I have only had my PI pro thermal knickers just over a year when they started to get holes in the crotch from the rubbing the seat, really suprised me as they are in like new condition apart from the crotch. I searched the site and found posts of taking shorts/bibs to a tailor to get patched with a small piece of old lycra, of which I had none.:cryin: Searching the google I found a product called Iron Mend, which is a iron on patch kit for wetsuits, waders, lycra, neoprene, etc... I took a couple of weeks for the local scuba shop to restock it and I repaired my knickers yesterday, the Iron Mend works great and only cost $11! I will have to report back on the durability after a few washes and some miles but I dont think there will be any issues. Some pixxors cuz it did happen.


----------



## scottzj (Oct 4, 2010)

Yeah I have used the Iron mend on multiple bibs/shorts and still working great! It is a very nice and cheap way to repair them for sure.


----------



## bismo37 (Mar 22, 2002)

Weird seeing this thread just now. I just ordered this stuff today to repair a pair of Campy bib knickers. Glad to see it works.


----------



## orbit (Feb 7, 2007)

Just a thought, how does that look to a rider behind you, particularly when you are out of the saddle? 

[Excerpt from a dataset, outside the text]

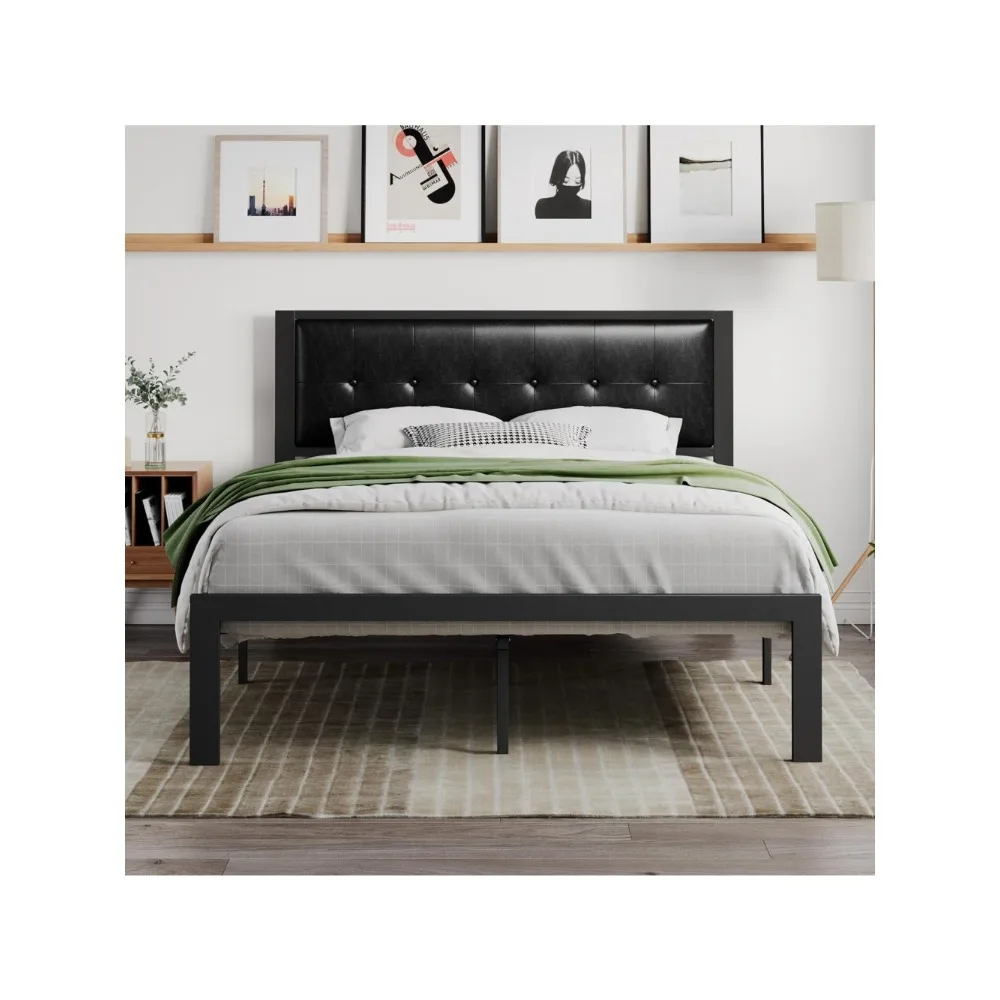 Bed Bases & Frames Button Tufted Square Stitched Headboard Easy Assembly Base Beds and Frames Queen Bedroom Furniture Frame Home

Hey, I can totally understand you not wanting to bin these knicks. But personally, I would want to make sure I hadn't inadvertently drawn a target on my crotch so to speak.


----------



## CyclingVirtual (Apr 10, 2008)

Do you have stiching on your saddle to cause this damage


----------



## 2wd (Oct 26, 2008)

Yes I have the same saddle on both of my bikes and they do have sticking. Have not had this problem with other tights or shorts but agree on the stitches. The patch does not stand out bad at all, as far as the rider behind me if it bothers them that bad they can pull! Seriously almost all my riding is solo and I can't see it.


----------



## rgordin (Oct 22, 2010)

Glad this worked for you. I have had some premature wear issues with PI and have found the company less than consumer friendly to deal with. Result: Whereas I used to wear almost nothing but Pearl Izumi, over the past few years I have bought nothing from them. The way they gave a back hand to my inquiry regarding a glove that fell apart resulted in their losing well over $1,000 of future purchases.


----------



## Mr. Versatile (Nov 24, 2005)

I save an old pair of shorts from which to make patches. I know you said you didn't have any. I'm glad this worked for you. Looks like good stuff.

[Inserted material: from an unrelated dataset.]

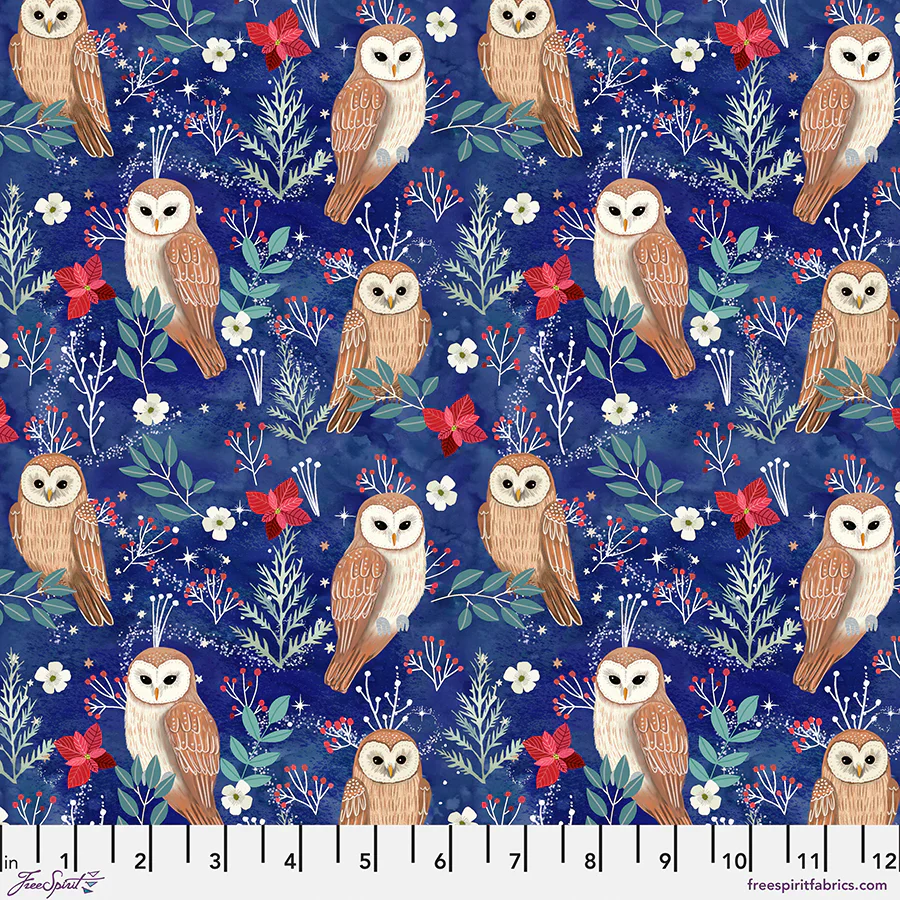 Free Spirit Christmas Cabin PWMC089 Blue Owl Magic By The Yard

One quick question though; do you take the garment off or iron he patch while still wearing them? It's hard to tell from the pic.


----------



## 2wd (Oct 26, 2008)

You iron on the patch like you would any other, it's just harder to stretch out the area to keep it flat while patching. Even on the low temp setting I ain't puttin an iron anywhere near the boys!!!!


----------



## skh (Mar 4, 2011)

PI has lifetime warranty on their products. it should have been as easy as doing a return at the store you bought them from for a replacement. worst case is that you'd have to send them back yourself which may include some shipping charge but still cheaper than buying a new pair or the price you paid for the iron mend. too late now but maybe if it ever happens again you'll be aware. hth


----------



## 2wd (Oct 26, 2008)

I did not know about the lifetime warranty, but after reading the warranty "disclaimer" my issue was a wear issue, not a warranty issue. Copy and pasted from PI's website;


"Pearl Izumi® product is built to last the lifetime of the garment, and this is how long we will stand behind it. Product purchased from Pearl Izumi®, an authorized dealer or retailer is fully warranted to the original owner against defects in materials and workmanship (proof of purchase may be requested). If a product fails due to a manufacturing or materials defect, even after extended use, we will replace or repair it to restore the original function without charge, at our option. This warranty does not include product failures resulting from accidents, misuse, improper care, or normal wear."


----------



## rgordin (Oct 22, 2010)

2wd said:


> I did not know about the lifetime warranty, but after reading the warranty "disclaimer" my issue was a wear issue, not a warranty issue. Copy and pasted from PI's website;
> 
> 
> "Pearl Izumi® product is built to last the lifetime of the garment, and this is how long we will stand behind it. Product purchased from Pearl Izumi®, an authorized dealer or retailer is fully warranted to the original owner against defects in materials and workmanship (proof of purchase may be requested). If a product fails due to a manufacturing or materials defect, even after extended use, we will replace or repair it to restore the original function without charge, at our option. This warranty does not include product failures resulting from accidents, misuse, improper care, or normal wear."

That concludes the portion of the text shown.